Projects
Inverse Lift Mapping with REINFORCE#
2026#
When on exchange at AGH, I enrolled in the Individual Research Project Related to Mechatronic Design course. However, I spent most of my free time during this semester developing the UASISI simulation framework. When it came time to put a project together, I decided to utilize my newly developed framework and I set forth to find a solution to map lift distribution to wing torsion. Using UASISI’s python wrapper module along with the pyTorch package, I implemented a reinfocement learning scenario using a convolutional neural network as the agent. The code was included in UASISI’s GitHub repo as an example.
UASISI#
2025–2026#
UASISI is an extendible and modular simulation framework written in C++. It is optimized for problems related to wings. I undertook this project when I realised the difficulty involved in coupling simulink with external software which was necessary for my thesis. For work relating to my thesis, I wanted to be able to integrate both Torch’s Machine Learning capabilities and OpenFOAM simulations. I decided to port my simulation to a new framework that I developed from scratch. UASISI, like simulink, is signal based. Modules are implemented in separate C++ source files with separate dependencies. I have written about 10 modules so far, including a python wrapper and a lift estimation tool using Phillips’ solution to Prandtl’s Lifting Line Theory. Also included in the proyect is a logger and a python based data visualizer. I uploaded the project to GitHub and I am working on making the code more generic to accomodate more use cases and hopefully be useful to people other than myself.
Bare Metal Oscilloscope#
2024#
For my final project in my Microcontrollers and Microprocessors course, I developed an audio digital oscilloscope using a Texas Instruments TIVA C TM4C1294 microcontroller. The project was coded in C and the Hardware Abstraction Layer (HAL) was written from scratch in TI’s CCS IDE. A TFT display was used to display the audio signal. This course in general taught me not only to program in assembly and low level C, but also to effectively comb through very long datasheets.
Panel Method Solver#
2024#
The final project in my Aerodynamics course was supposed to be to code a potential flow simulator.
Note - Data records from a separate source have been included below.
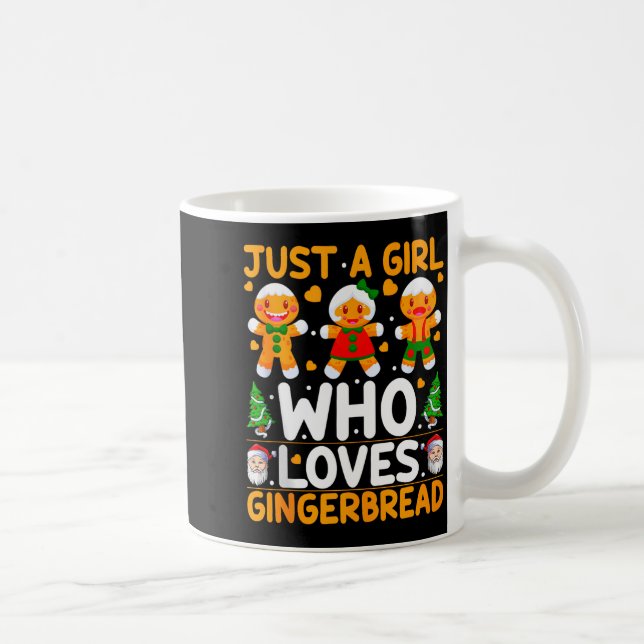 Just A Girl Who Loves Gingerbread Man Christmas Gi Coffee Mug (Right)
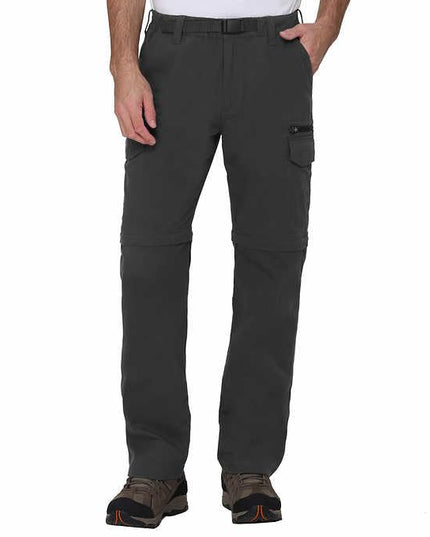 SIZE: L X 32 - BC Clothing Cargo Pants for Men - Tactical Pants - Hiking Convertible Outdoor Pants Men (Gray, LX32)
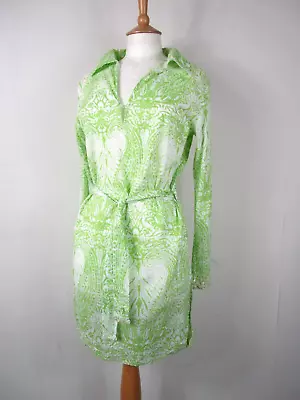 Melissa Odabash Green Printed Beach Dress Size M / UK 10 • $42.32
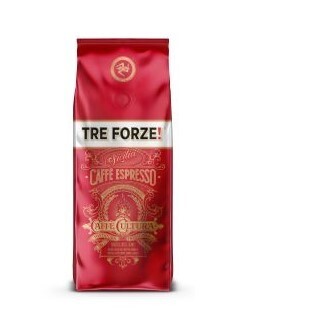 Tre Forze Bohnen Espresso 250g Beutel NEUES DESIGN - Olivenholzröstung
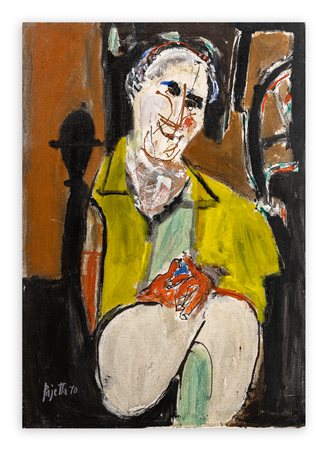 GUIDO PAJETTA (1898-1987) - Autoritratto, 1970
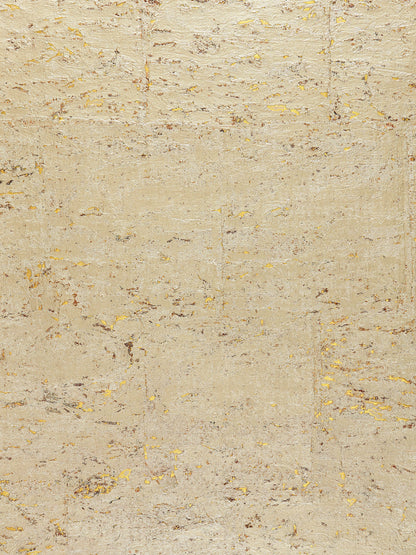 SCALAMANDRE  METAL CORK TEXTURE WHITE GOLD   - SC 0007WP88336 NEW SKU # SCWP883360007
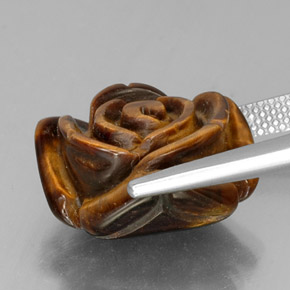 Tiger's eye marrom natural 12,84ct, forma extravagante, opaco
Due to the complexity and the short amount of time left, the project was changed to simply simulate flow over an airfoil using a pre-existing solver. I decided to write a simulator myself regardless and I used the Panel Method to do so. The program is coded in Go and it takes data files with airfoil coordinates, as well as flow parameters through arguments.
PCPuma#
2022–2023#
Due to a student strike in autumn 2022, an oversight committee comprised by students, faculty administrators and university technical staff was created to improve wireless connectivity. In early 2023, I became a student representative and subsecuently, student coordinator in the connectivity committee. We oversaw the addition of around 30 additional wireless access points to the existing network and the expedition of a new network, PCPuma. I proposed an iniative to include students in PCPuma’s roll-out. More than 650 students across all 14 engineering bachelors signed up. A partnership with CISCO was established to provide training and issue technical diplomas to the participating students. Those who succesfully passed training where then put into work brigades which ended up configuring the network’s switches, writing testing scripts and measuring network performace across faculty grounds. In total, about 100 students participated and received certificates from the faculty.
Line Follower#
2023#
This line follower was built for the recruitment process into my faculty’s robotics club. The frame was 3D printed and held together with copper inserts and metric screws. A maximum of two reflectivity sensors were allowed. A ESP-32 microcontroller programmed with Arduino was used alongside two pololu motors. It was the only line follower that managed to follow the line smoothly
Matrix Solver#
2022#
This was the final project for my Introduction to Programming course. I developed a program written in C that can calculate the determinant of a square matrix of any size. This was my first approach to manual memory management and dynamic memory which were not part of the course. Matrix cofactors are calculated recursively.
Consejo Table#
2019#
This was the course project for my Design and Visual Communication (DVC) class during my senior year at Green Bay High School. Biomimicry was a central requirement in the course and during the first part of the academic year, I compiled photographs of nature during field visits. Particularly, I photographed leaves at the Domain Wintergardens. Through a few ideation stages, and with the influence of conic curves as well as constant client and stakeholder feedback, I landed on a steel, glass and MDF table design. Significant graphic material was rendered using Autodesk Inventor.